In 2010, Towers Watson & Co. reported that companies that are committed to health as a business imperative achieve significantly better financial outcomes and lower employee turnover. The same year Gallup Inc. found that unhealthy employees are often not engaged in their jobs, and that numerous chronic conditions existed, such as obesity and diabetes. Disengaged employees are less likely to be productive than their more engaged counterparts, and when the majority of a workforce is disengaged, business productivity and profits often suffer.

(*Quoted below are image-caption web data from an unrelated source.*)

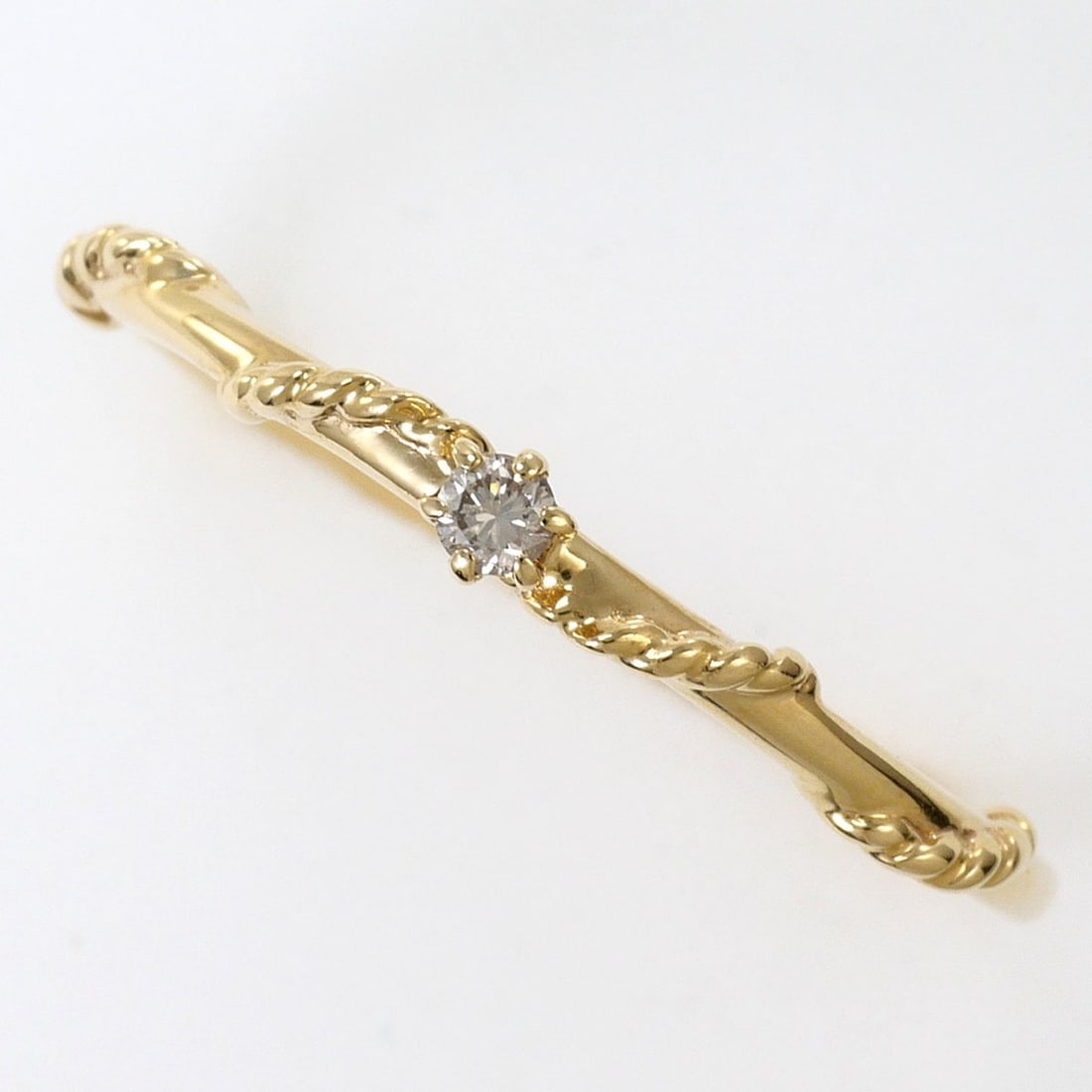 K10 10K YG Yellow Gold Ring with 1 Diamond (carat mark not specified), Total Weight 1.0g, Jewelry: --- Catalog ---Category: SizeWidth: 2mm / 0.08''Weight: 1g / 0.03oz.JP Size: 13US Size: 6.5Category: DesignType: Band ringColor: Yellow goldMetal: GoldStone: DiamondGender: WomenMaterial: Yellow gold 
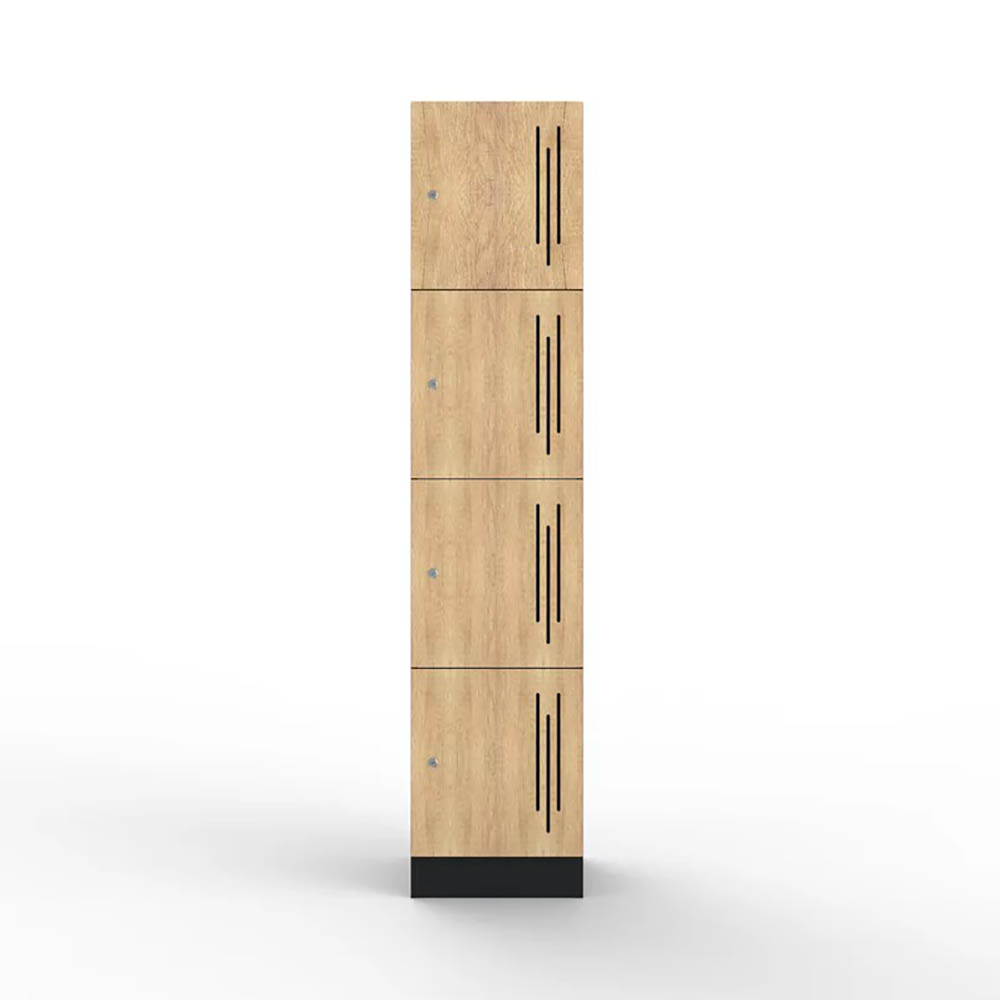 STEELCO LAMINATE LOCKER 4 DOOR 1850 X 400 X 500MM NATURAL OAK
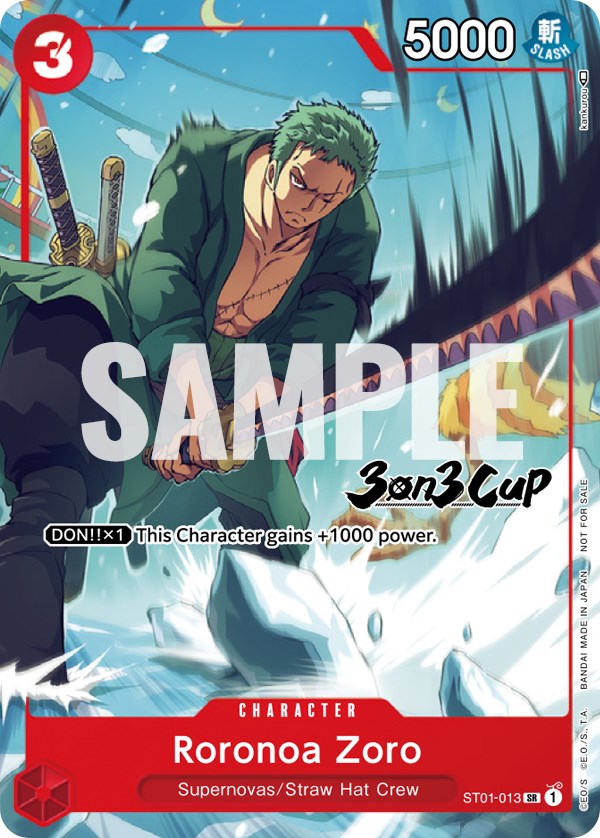 Roronoa Zoro (3-on-3 Cup) [Participant] [One Piece Promotion Cards] | Cards and Coasters CA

To help enable business success, healthy behaviors must flow from the bottom up and the top down. Leaders can enable this bi-directional flow by declaring and nurturing a culture of health within their organizations and establishing a paradigm where the C-suite places health and wellness first and leads by example. That might include instituting walking meetings, encouraging energy breaks and discouraging multitasking. By giving individuals permission to do these things, and leading by example, healthy behaviors will move down the proverbial staircase and ultimately travel back up as employees embrace the culture, champion the efforts and drive overall performance.
This tactic can produce results. The 2012 Towers Watson “Staying @ Work Survey Report” stated, “This year’s survey results show a strong link between highly effective health and productivity strategies and strong human capital and financial results.” Further, 66 percent of companies with highly effective health and productivity programs reported they perform better than their top competitors.
Essentially, if employees engage in healthy behaviors, they are more likely to bring their best energy and selves to their work and teams, which fuels business performance. Similarly, if an organization promotes a culture of wellness and encourages employees to adopt healthy lifestyles and work styles, it helps fuel employee performance. Then, employees can ignite the business and illustrate a successful feedback and feed-forward staircase of organizational health and positive leadership behaviors.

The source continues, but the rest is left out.